Set each entry down verbatim, omitting images.
Supplied records Block Start
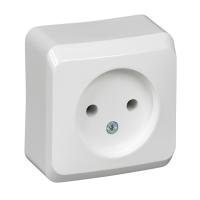 Розетка однопостовая Schneider Electric Этюд без заземления белый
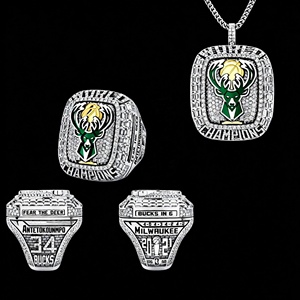 VENTES CHAUDES Bague de championnat personnalisée des Milwaukee Bucks 2021, bague de champion personnalisée pour homme, bague de titre, bijoux de haute qualité - Product Image 1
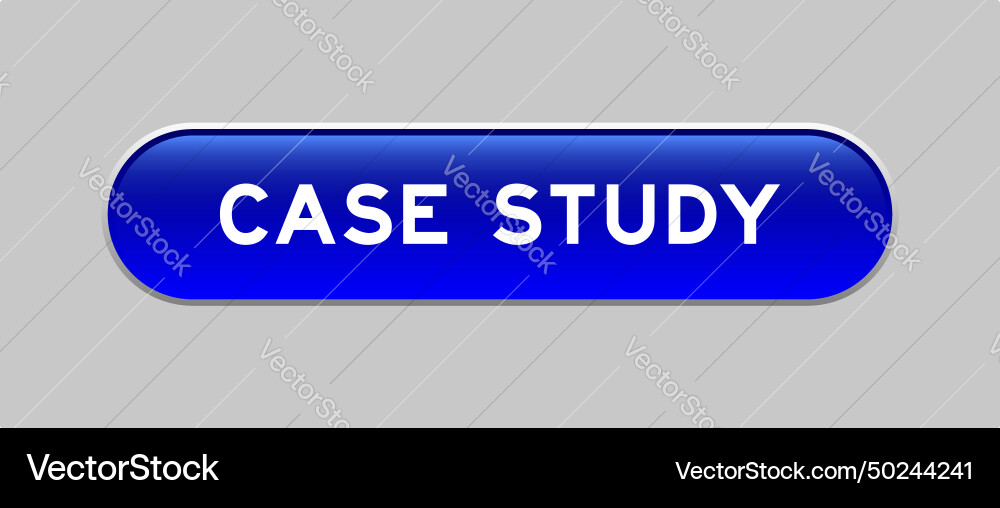 Blue color capsule shape button with word case Blue color capsule shape button with word case vector image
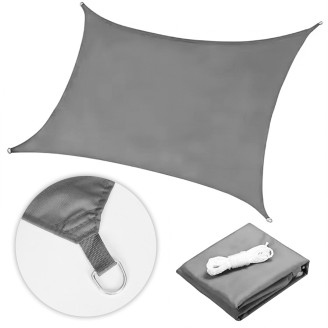MultiGarden Waterproof Square Sun Shade Sail 3x3m Grey | Garden furniture, relaxation, modern style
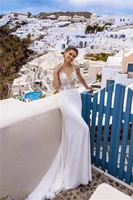mermaid wedding dress sleevelesss vestidos de novia vintage sweetheart bridal gown backless lace wedding gown robe de mari%c3%a9e
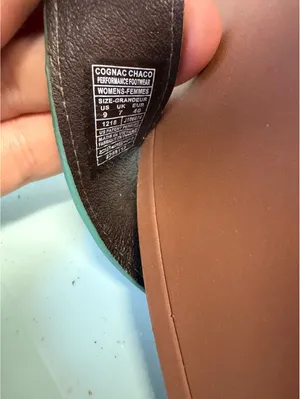 Chacos Cognac Brown Women's Sandals Size 9 thumbnail 3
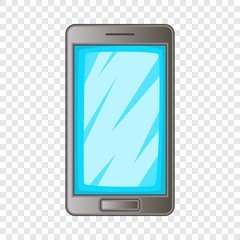Screen protecting film for smartphone icon. Cartoon illustration of screen protecting film for smartphone vector icon for web design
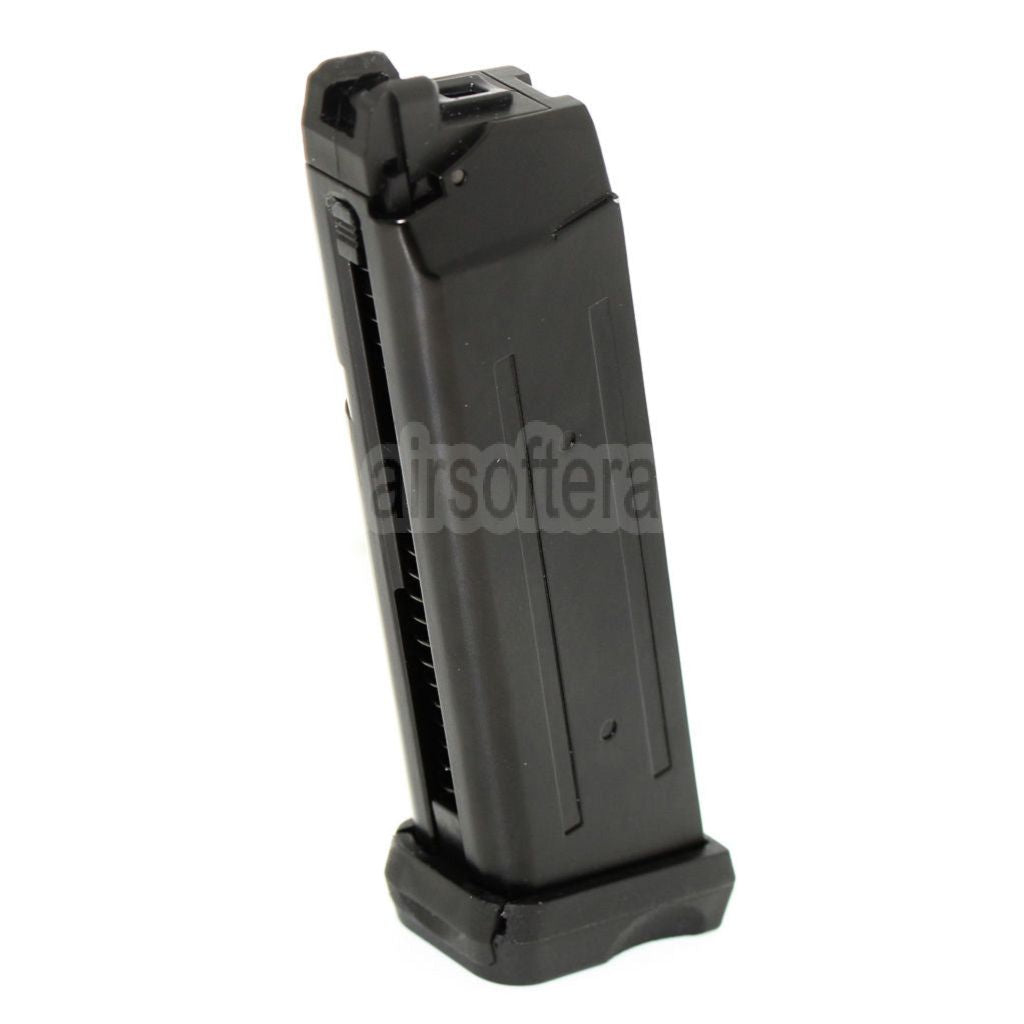 APS 23rd Doppelte Leistung Co2 Magazin Geeignet für G17 G18C ACP601 ACP606 A-CAP Z1-CAP Black Hornet Dragonfly Scorpion SHARK Spyder X1-CAP / Tokyo Marui / WE / Armorer Works GBB Pistolen Airsoft Schwarz
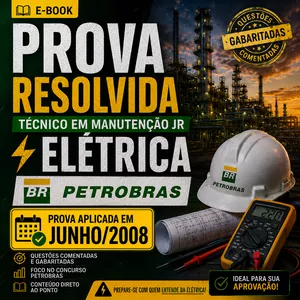 Imagem do curso EBOOK PROVA RESOLVIDA PETROBRAS JUNHO/2008 — TÉCNICO EM MANUTENÇÃO JR | ELÉTRICA
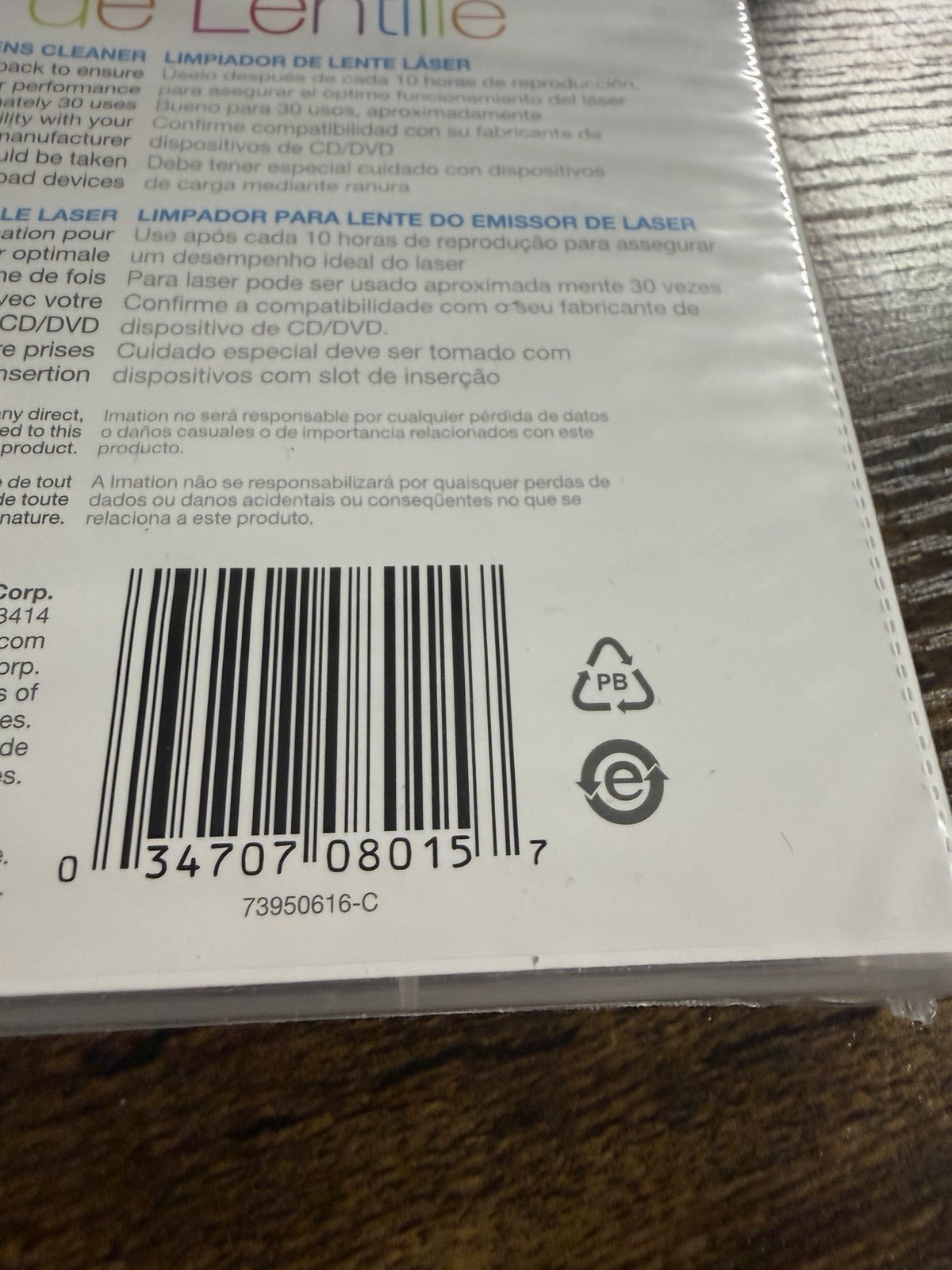 Memorex DVD Lens Cleaner Disc NEW Sealed CD DVD Laser Cleaning Disc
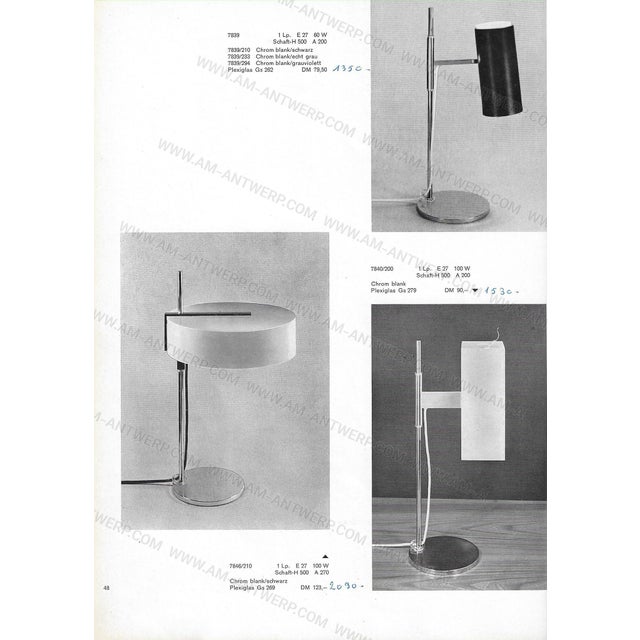 Table Lamp by Cosack, 1960 For Sale - Image 13 of 15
Supplied records Block End
**Response:**
 Розетка однопостовая Schneider Electric Этюд без заземления белый
 VENTES CHAUDES Bague de championnat personnalisée des Milwaukee Bucks 2021, bague de champion personnalisée pour homme, bague de titre, bijoux de haute qualité - Product Image 1
 Blue color capsule shape button with word case Blue color capsule shape button with word case vector image
MultiGarden Waterproof Square Sun Shade Sail 3x3m Grey | Garden furniture, relaxation, modern style
mermaid wedding dress sleevelesss vestidos de novia vintage sweetheart bridal gown backless lace wedding gown robe de mari%c3%a9e
 Chacos Cognac Brown Women's Sandals Size 9 thumbnail 3
Screen protecting film for smartphone icon. Cartoon illustration of screen protecting film for smartphone vector icon for web design
 APS 23rd Doppelte Leistung Co2 Magazin Geeignet für G17 G18C ACP601 ACP606 A-CAP Z1-CAP Black Hornet Dragonfly Scorpion SHARK Spyder X1-CAP / Tokyo Marui / WE / Armorer Works GBB Pistolen Airsoft Schwarz
 Imagem do curso EBOOK PROVA RESOLVIDA PETROBRAS JUNHO/2008 — TÉCNICO EM MANUTENÇÃO JR | ELÉTRICA
 Memorex DVD Lens Cleaner Disc NEW Sealed CD DVD Laser Cleaning Disc
 Table Lamp by Cosack, 1960 For Sale - Image 13 of 15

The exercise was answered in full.